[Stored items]
——
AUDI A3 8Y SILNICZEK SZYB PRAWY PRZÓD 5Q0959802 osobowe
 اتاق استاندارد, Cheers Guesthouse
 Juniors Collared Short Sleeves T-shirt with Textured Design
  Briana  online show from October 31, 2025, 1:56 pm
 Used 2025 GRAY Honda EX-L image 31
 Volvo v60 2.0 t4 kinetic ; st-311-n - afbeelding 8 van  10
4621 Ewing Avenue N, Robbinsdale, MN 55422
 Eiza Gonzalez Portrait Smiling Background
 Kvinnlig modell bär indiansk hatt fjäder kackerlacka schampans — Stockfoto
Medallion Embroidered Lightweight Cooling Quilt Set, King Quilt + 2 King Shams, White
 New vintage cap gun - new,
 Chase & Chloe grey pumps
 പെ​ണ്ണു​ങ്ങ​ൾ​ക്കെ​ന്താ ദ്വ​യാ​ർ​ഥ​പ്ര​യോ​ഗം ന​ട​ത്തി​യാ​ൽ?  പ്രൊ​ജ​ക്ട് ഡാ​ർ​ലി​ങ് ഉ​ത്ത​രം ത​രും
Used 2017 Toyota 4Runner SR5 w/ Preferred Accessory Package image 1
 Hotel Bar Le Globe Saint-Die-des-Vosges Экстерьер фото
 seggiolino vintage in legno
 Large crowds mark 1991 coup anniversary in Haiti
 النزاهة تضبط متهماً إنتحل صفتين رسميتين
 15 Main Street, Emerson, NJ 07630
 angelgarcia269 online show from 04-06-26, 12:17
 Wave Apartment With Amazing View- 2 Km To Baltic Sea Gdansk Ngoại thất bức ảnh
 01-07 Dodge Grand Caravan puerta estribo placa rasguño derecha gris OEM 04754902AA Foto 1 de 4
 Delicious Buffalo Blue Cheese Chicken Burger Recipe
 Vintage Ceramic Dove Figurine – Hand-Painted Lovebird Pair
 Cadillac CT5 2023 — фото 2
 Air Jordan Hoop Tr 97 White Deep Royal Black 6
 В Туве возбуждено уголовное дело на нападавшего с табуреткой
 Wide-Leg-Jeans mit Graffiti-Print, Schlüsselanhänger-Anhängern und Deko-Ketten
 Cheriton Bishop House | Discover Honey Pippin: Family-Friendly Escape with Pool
——
AIM OF THE TASK> The expected answer is a number and nothing else: how many lines above include the word "White".

THE COMPLETED TASK> 2